> [What needs to be done] Could you output only the lines from the one containing "5pcs Crayon Shinchan" through the last line of the data, both included?

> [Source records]
++++
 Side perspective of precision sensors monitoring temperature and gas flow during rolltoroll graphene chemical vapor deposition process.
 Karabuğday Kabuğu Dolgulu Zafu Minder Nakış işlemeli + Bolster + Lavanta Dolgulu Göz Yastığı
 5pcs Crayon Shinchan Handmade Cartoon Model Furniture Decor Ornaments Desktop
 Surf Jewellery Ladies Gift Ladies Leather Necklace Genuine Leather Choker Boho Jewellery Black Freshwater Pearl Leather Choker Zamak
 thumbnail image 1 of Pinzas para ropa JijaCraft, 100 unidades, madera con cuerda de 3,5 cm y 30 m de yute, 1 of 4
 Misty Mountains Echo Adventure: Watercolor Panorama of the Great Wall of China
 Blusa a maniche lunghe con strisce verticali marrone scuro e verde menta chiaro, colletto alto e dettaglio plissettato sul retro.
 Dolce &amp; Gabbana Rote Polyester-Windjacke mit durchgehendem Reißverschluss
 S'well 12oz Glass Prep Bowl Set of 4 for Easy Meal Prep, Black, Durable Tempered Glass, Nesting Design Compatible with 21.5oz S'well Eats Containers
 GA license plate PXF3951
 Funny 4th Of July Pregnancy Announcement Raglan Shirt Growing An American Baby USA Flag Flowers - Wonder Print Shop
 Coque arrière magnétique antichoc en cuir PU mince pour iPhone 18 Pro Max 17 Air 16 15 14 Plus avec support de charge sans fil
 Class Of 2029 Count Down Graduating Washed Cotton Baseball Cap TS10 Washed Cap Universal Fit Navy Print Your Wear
++++
> [Expected answer]
 5pcs Crayon Shinchan Handmade Cartoon Model Furniture Decor Ornaments Desktop
 Surf Jewellery Ladies Gift Ladies Leather Necklace Genuine Leather Choker Boho Jewellery Black Freshwater Pearl Leather Choker Zamak
 thumbnail image 1 of Pinzas para ropa JijaCraft, 100 unidades, madera con cuerda de 3,5 cm y 30 m de yute, 1 of 4
 Misty Mountains Echo Adventure: Watercolor Panorama of the Great Wall of China
 Blusa a maniche lunghe con strisce verticali marrone scuro e verde menta chiaro, colletto alto e dettaglio plissettato sul retro.
 Dolce &amp; Gabbana Rote Polyester-Windjacke mit durchgehendem Reißverschluss
 S'well 12oz Glass Prep Bowl Set of 4 for Easy Meal Prep, Black, Durable Tempered Glass, Nesting Design Compatible with 21.5oz S'well Eats Containers
 GA license plate PXF3951
 Funny 4th Of July Pregnancy Announcement Raglan Shirt Growing An American Baby USA Flag Flowers - Wonder Print Shop
 Coque arrière magnétique antichoc en cuir PU mince pour iPhone 18 Pro Max 17 Air 16 15 14 Plus avec support de charge sans fil
 Class Of 2029 Count Down Graduating Washed Cotton Baseball Cap TS10 Washed Cap Universal Fit Navy Print Your Wear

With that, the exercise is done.